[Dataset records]
· · · · ·

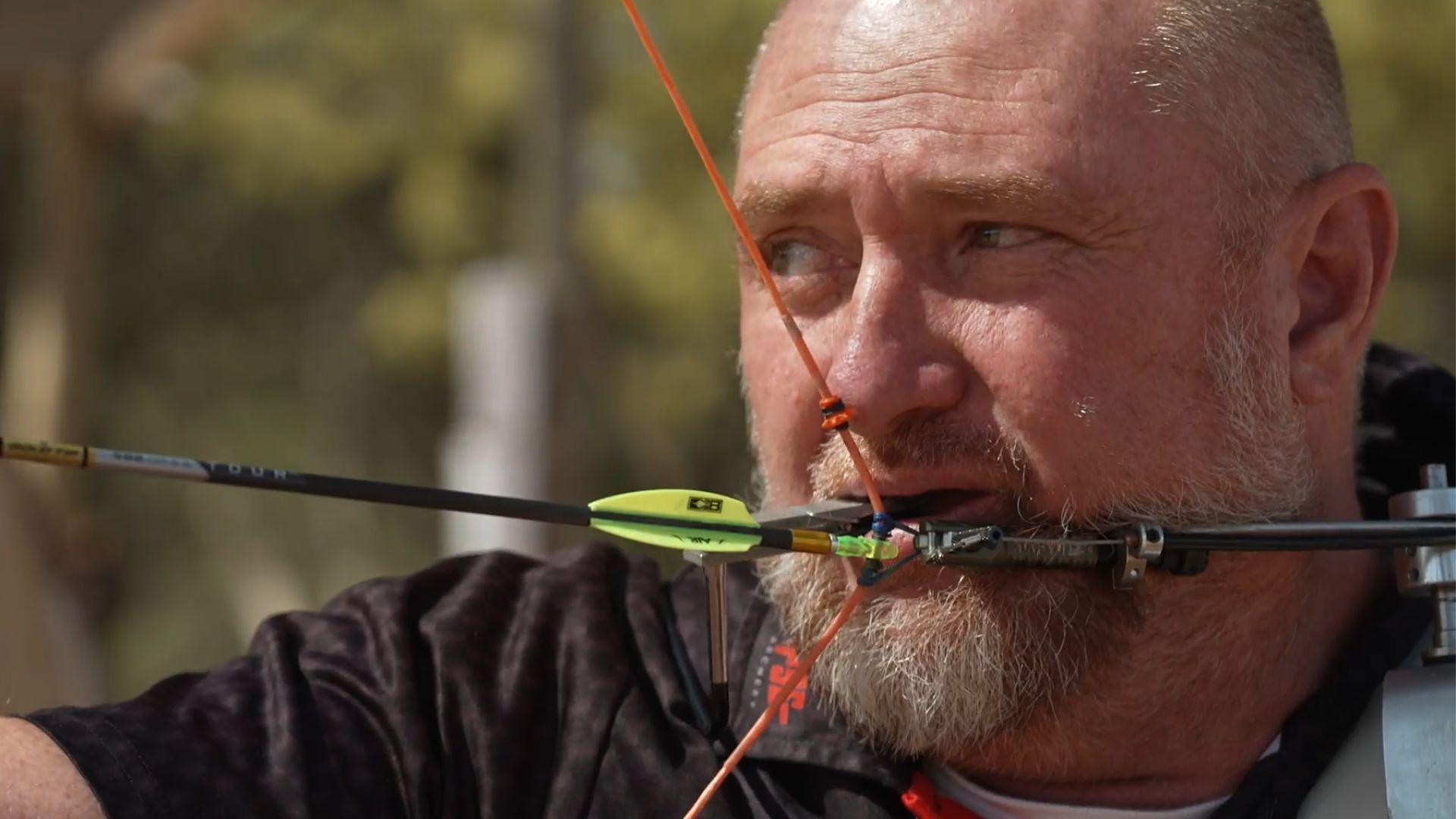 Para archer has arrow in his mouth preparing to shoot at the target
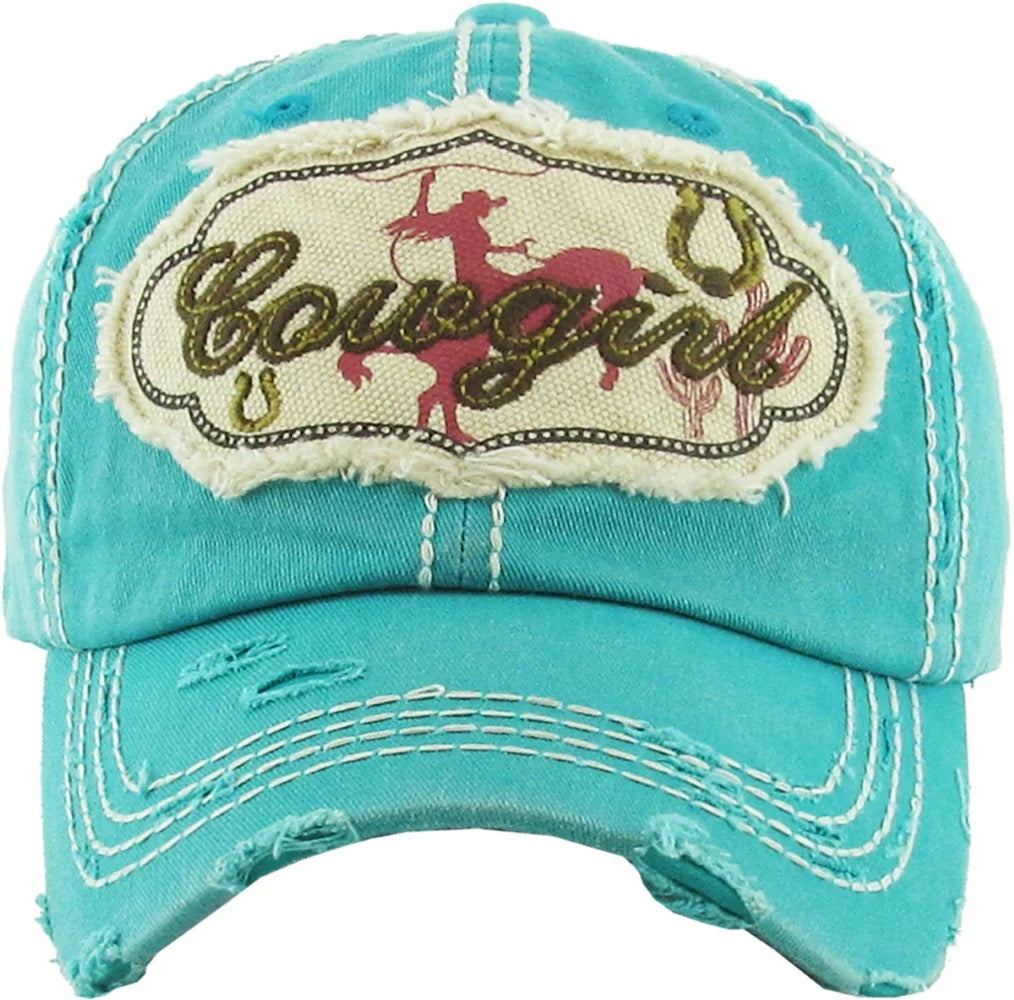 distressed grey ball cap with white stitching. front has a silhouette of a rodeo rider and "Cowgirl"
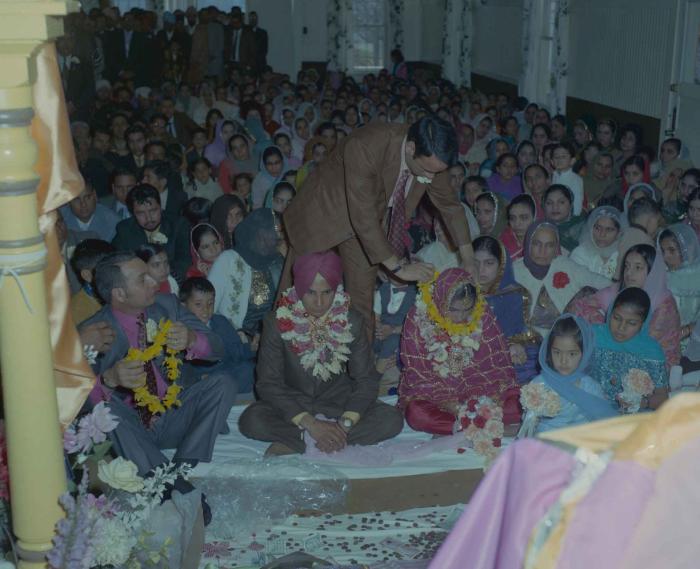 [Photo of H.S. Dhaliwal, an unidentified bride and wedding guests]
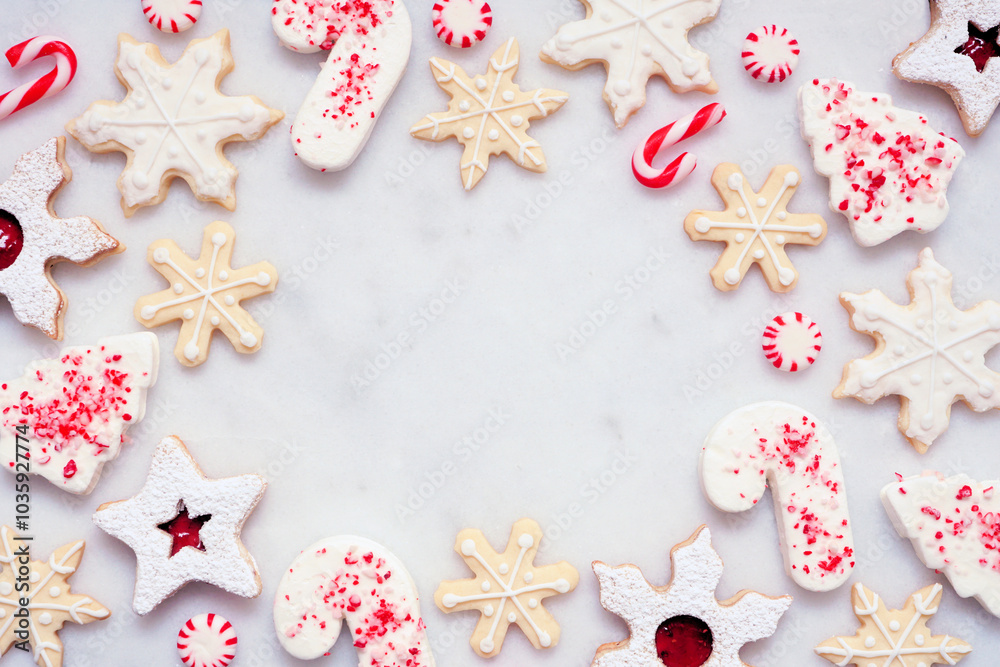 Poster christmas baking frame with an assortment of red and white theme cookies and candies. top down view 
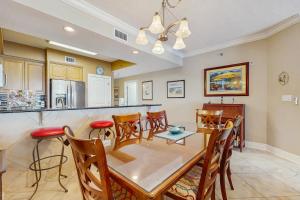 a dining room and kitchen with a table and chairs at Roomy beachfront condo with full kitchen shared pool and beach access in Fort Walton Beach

· · · · ·

### Exercise requirements
From first line to last, return the records verbatim without their pictures.

### Response box
 Para archer has arrow in his mouth preparing to shoot at the target
 distressed grey ball cap with white stitching. front has a silhouette of a rodeo rider and "Cowgirl"
 [Photo of H.S. Dhaliwal, an unidentified bride and wedding guests]
 Poster christmas baking frame with an assortment of red and white theme cookies and candies. top down view 
 a dining room and kitchen with a table and chairs at Roomy beachfront condo with full kitchen shared pool and beach access in Fort Walton Beach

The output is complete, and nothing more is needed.